Offline email notification from StorjLabs : KO?

Pac · March 16, 2020, 6:36pm

Hey there

I received an email from StorjLabs once because my node had gone offline.
So I thought “great, we might not need uptimeRobot or similar services anymore”.

However, my node crashed yesterday.
As I hadn’t stopped my uptimeRobot monitoring, it did eventually notify me that my node went down.

We’re 24h later and I still haven’t received anything from StorjLabs to let me know my node’s unreachable. Is this normal?

I am away from home, and my node is completely unreachable… I’ll be able to check what’s going on tomorrow
By the way, that’s another good example of situation where enforcing a maximum down time of 5 hours would have made me very sad

anon27637763 · March 16, 2020, 7:08pm

If you want to check whether or not your node is available online, you can use the openssl commandline program…

openssl s_client [your.node.ip]:28967

This command will connect to your node’s storage node port and output information regarding your node’s TLS cert.

If you are running GNU/Linux, you could combine openssl s_client and a text based MUA such as mutt to email you if no connection is found… run a check every 30 minutes using cron or systemd, and you’re all set with a simple node status checker.

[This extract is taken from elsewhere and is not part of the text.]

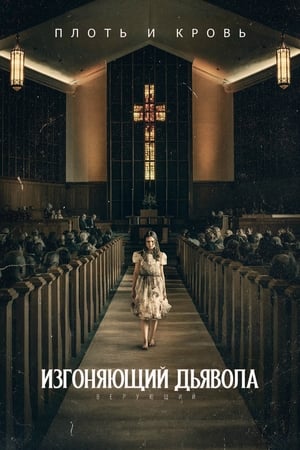 Poster Изгоняющий дьявола: Верующий 2023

You could even run the check from the same LAN host, since the openssl command would connect to your WAN address.

Alexey · March 16, 2020, 7:35pm

This is make sense only from outside of the local network.

anon27637763 · March 16, 2020, 7:42pm

A connection started on the local host will traverse the WAN and back…

These two commands should produce the same output… if they do, then your node is running and online…

openssl x509 -inform pem -in ~/.local/share/storj/identity/storagenode/identity.cert
openssl s_client -showcerts -connect [your.node.ip]:28967 2>/dev/null | openssl x509 -inform pem

Alexey · March 16, 2020, 7:44pm

Only if router is able to do a hairpin NAT. Not all routers are able to do so. And this will prove only that locally it is working.
For example - you can specify the node’s internal IP as your “external” address and this command will tell you that your node is available. Also, you can specify the local domain name of your node as an “external” address and will get the successful result.
The same is going for the router-specific DDNS hostname (some routers have integrated DDNS systems hosted by their vendors), it could be resolved by router’s DNS cache but doesn’t propagated to outside DNSes.
In such cases it will not be available from outside. So, it’s better to check your node only from outside your network.

anon27637763 · March 16, 2020, 8:21pm

True… but, the commands above will ensure that a node is running and is available on the WAN interface, even if the router resolves the address locally.

It may be that the rest of the Internet can’t connect to the node’s WAN interface, but that’s not likely the fault of the node operator…

In the OP’s example, the node crashed. Checking for the TLS cert availability on the node’s external IP address would have caught OP’s problem… whether or not the rest of the Internet could have connected.

twl · March 16, 2020, 9:40pm

That is why external monitoring is the safer way to go generally, considering you trust the external application used for that

Pac · March 16, 2020, 10:25pm

I did try this, and it fails after a pretty long time, with:

140284712604096:error:0200206E:system library:connect:Connection timed out:../crypto/bio/b_sock2.c:110:
140284712604096:error:2008A067:BIO routines:BIO_connect:connect error:../crypto/bio/b_sock2.c:111:
connect:errno=110

I’m pretty sure my node’s completely off-grid.
I’ll investigate this further tomorrow when I have a physical access to it.

Thanks for your suggestions/replies
But I still think I should have received a notification from SotrjLabs ^^’

anon27637763 · March 16, 2020, 10:42pm

I script-ified my thoughts…

You can copy your identity.cert to a laptop or something. It’s perfectly safe to have just the cert. Don’t carry around the private keys though… And then you can run this script from any Internet connected host that has the openssl command line client and sha256sum … these are fairly standard for most GNU/Linux distros.

The script hashes your locally stored server level identity.cert , retrieves the node’s server cert and hashes that… compares the hashes and gives you some top level message.

There’s no error checking on the openssl commands. So, unexpected errors should be expected if your node is offline for whatever reason.

Basic Script below:

#!/bin/bash

# Check if there are two arguments
if [ ! $2 ]; then
   echo "Usage: $0 [path/to/identity.cert] [WAN.ip.address]"
   exit 1
fi
local=$(openssl x509 -inform pem -in "$1/identity.cert" |sha256sum)
remote=$(openssl s_client -showcerts -connect "$2":28967 2>/dev/null |openssl x509 -inform pem |sha256sum)
if [ "$local" = "$remote" ];
then
   message=$(echo -e "TLS Certs Match\nNode Online")
else
   message=$(echo -e "TLS Certs don't Match\nNode Offline")
fi
echo "$message"